ASSIGNMENT: The listing below should be printed exactly, every line of it. Skip the pictures.

DATA:
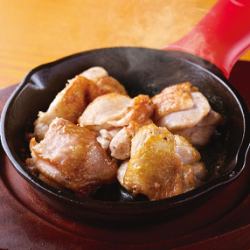 [철 냄비 야키토리《벚꽃 공주 닭 사용》]닭 모모구이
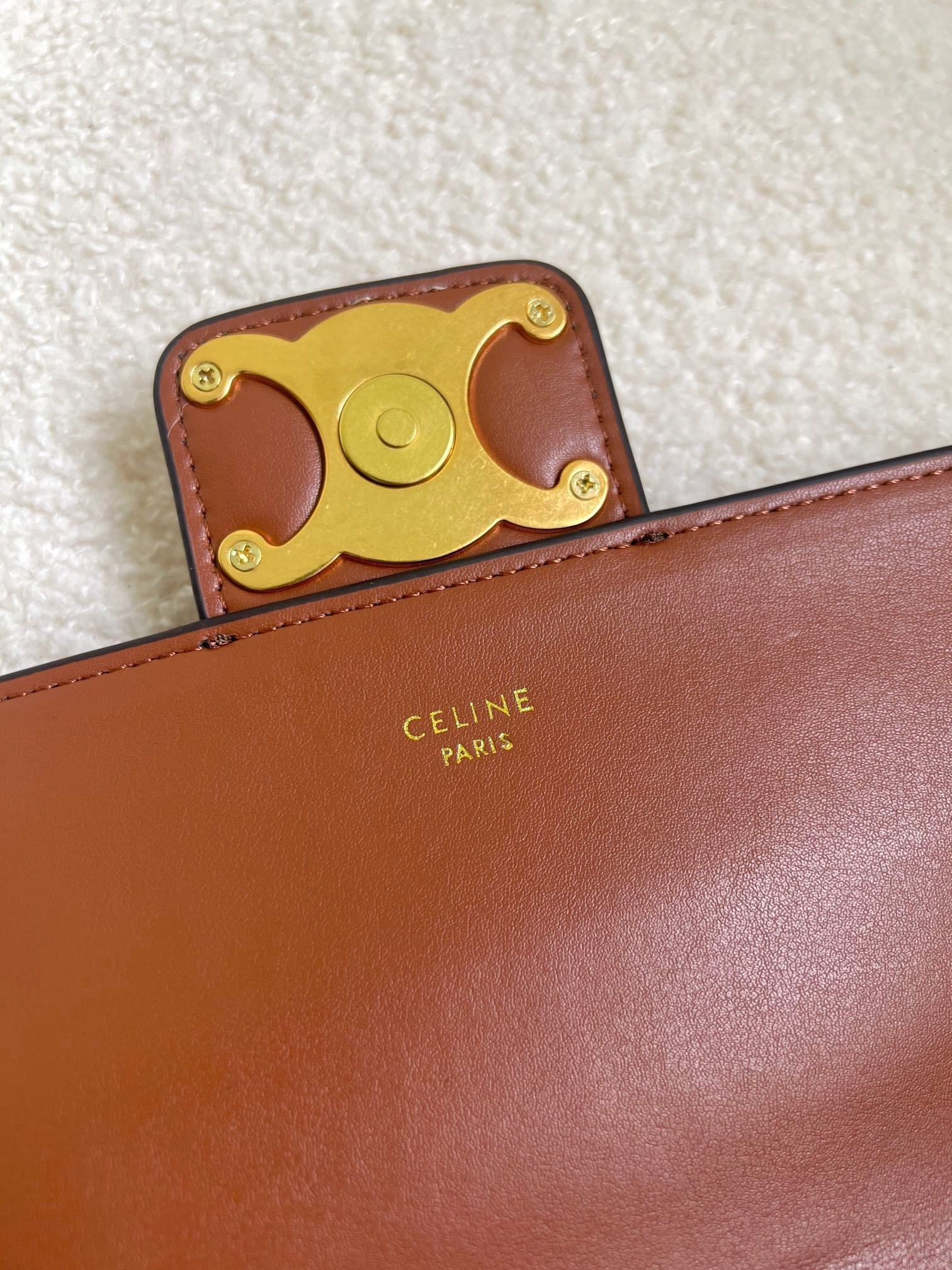 CELINE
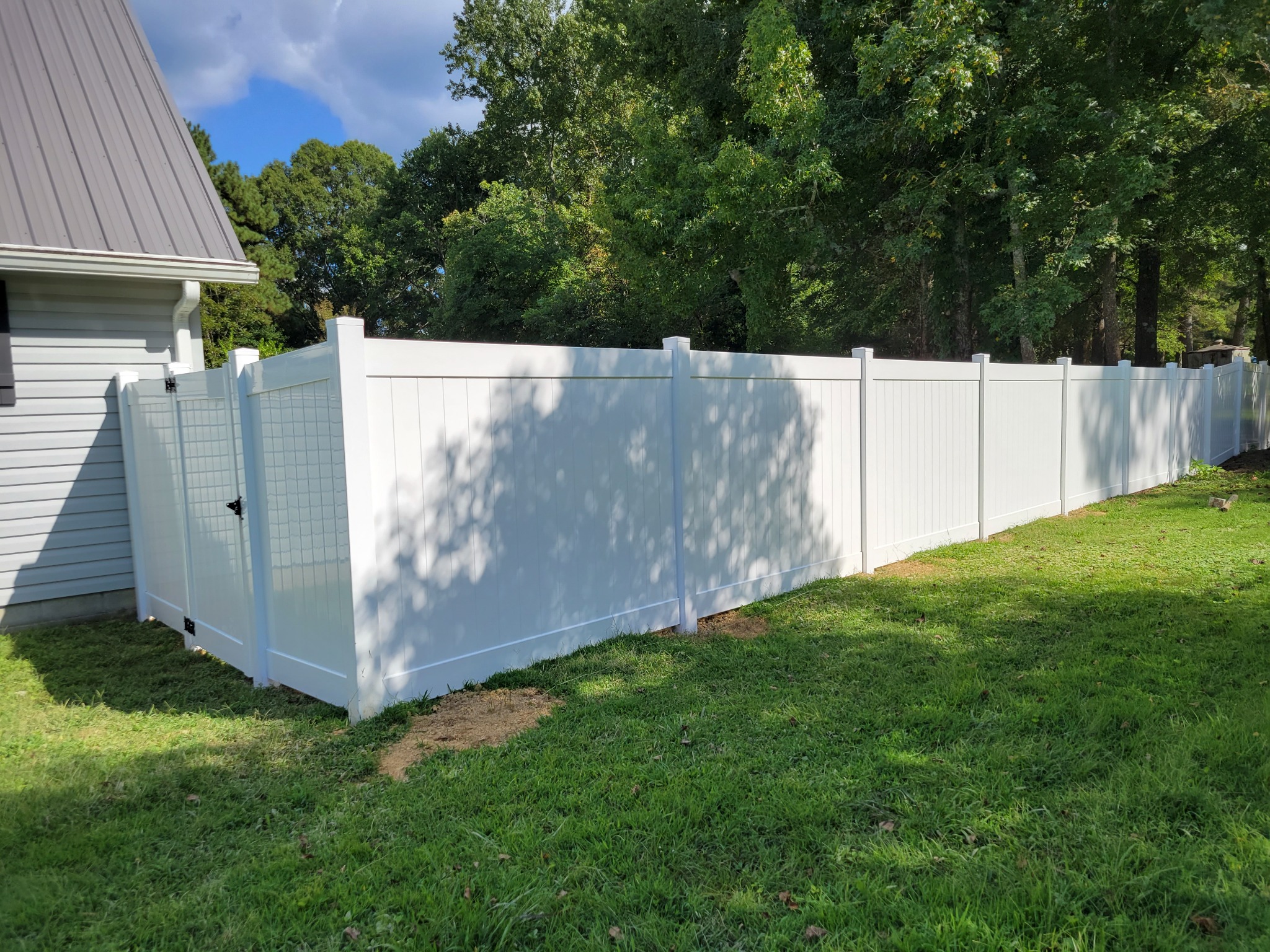 6 foot white vinyl privacy fence with gate installed by Hooks Fence Company in Attalla Alabama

RESULT OF THE EXERCISE:
 [철 냄비 야키토리《벚꽃 공주 닭 사용》]닭 모모구이
 CELINE
 6 foot white vinyl privacy fence with gate installed by Hooks Fence Company in Attalla Alabama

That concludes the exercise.